É facto bem sabido, já desde os alvores do século finado, que tudo neste mundo é relativo. Afirmava alguém que não, que isso de ser tudo relativo não é um dado absoluto, pois essas coisas são muito relativas. A contestação vem, paradoxalmente, comprovar a tese original, e fica-nos a certeza de que o velho Einstein descobriu realmente alguma coisa importante. Que coisa poderá ser essa, eis o que desconheço em absoluto, sendo, como sou, um completo ignorante em questões de física. Isso não impede, no entanto, que o tente explicar aqui. Vamos então a isso.

O que vem a ser, nesse caso, a teoria da relatividade? Bem, trata-se claramente de uma teoria, e aquilo sobre que teoriza é, evidentemente, a relatividade. Consiste esta última em e=mc2, fórmula de miraculosa aplicação a todas as realidades da vida, incluindo a arte de bem apertar o botão das calças. No nosso caso concreto, tem-se que E é a ementa, M a mesa, logo igual a 19, e C2 o quadrado do número de convivas. Conclui-se, portanto, que deveria haver muitos mais pratos disponíveis, em cada almoço, pelo que andamos aqui a perder qualquer coisa. Não é esta a única equação envolvida, de modo nenhum, mas chega para nos dar uma ideia do assunto.

O ponto que aqui nos interessa é o seguinte: a teoria da relatividade dá origem a paradoxos, relacionados com a contracção do espaço e do tempo, aspecto em que é muito semelhante à mesa 19. Como justificar, por exemplo, que a primeira hora passada no restaurante se dilate, ao ponto de nos permitir almoçar e tomar cafés, enquanto o tempo seguinte se contrai, passando à desfilada uma quantidade de minutos gastos em nada? De que forma compreender a complexa geometria espacial de uma mesa que, com quatro lugares, acomoda todo o grupo, enquanto noutras vezes se apresenta com seis, e não bastam? São paradoxos que nem o velho Alberto saberia explicar!

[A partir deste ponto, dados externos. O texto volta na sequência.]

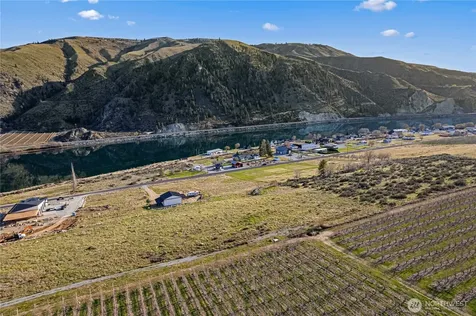 0 Lot C Stayman Flats Road Chelan WA 98816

Se a questão do tempo poderia ser eventualmente atribuída às libações alcoólicas do almoço, hipótese que veementemente nego, já a anomalia espacial resulta muito mais difícil de explicar, já que se manifesta logo no início dos trabalhos, antes que qualquer bebida seja consumida. Alguns autores defendem que, para além da quantidade de néctares espirituosos, há a considerar ainda o peso total de marisco presente à mesa. Ora bem, nós costumamos de facto almoçar com uma santola de oitenta quilos, o que é muito marisco, visto sob qualquer ângulo. Será essa a causa dos paradoxos?

Bem que eu sempre disse, esta mania que o Paulo arranjou, de se fazer passar por um crustáceo, ainda havia de dar mau resultado. Mais de uma vez o imaginei detido por atentado à moral e bons costumes, escoltado por dois agentes rudes, que se entreteriam com trocadilhos boçais e soezes, tipo, Pinças que és muito esperto? Baixa mas é as antenas, senão amolgo-te a carapaça. O que jamais me passou pela cabeça, no entanto, foi que a sua pequena brincadeira transgénica fosse capaz de interferir no próprio tecido do espaço-tempo.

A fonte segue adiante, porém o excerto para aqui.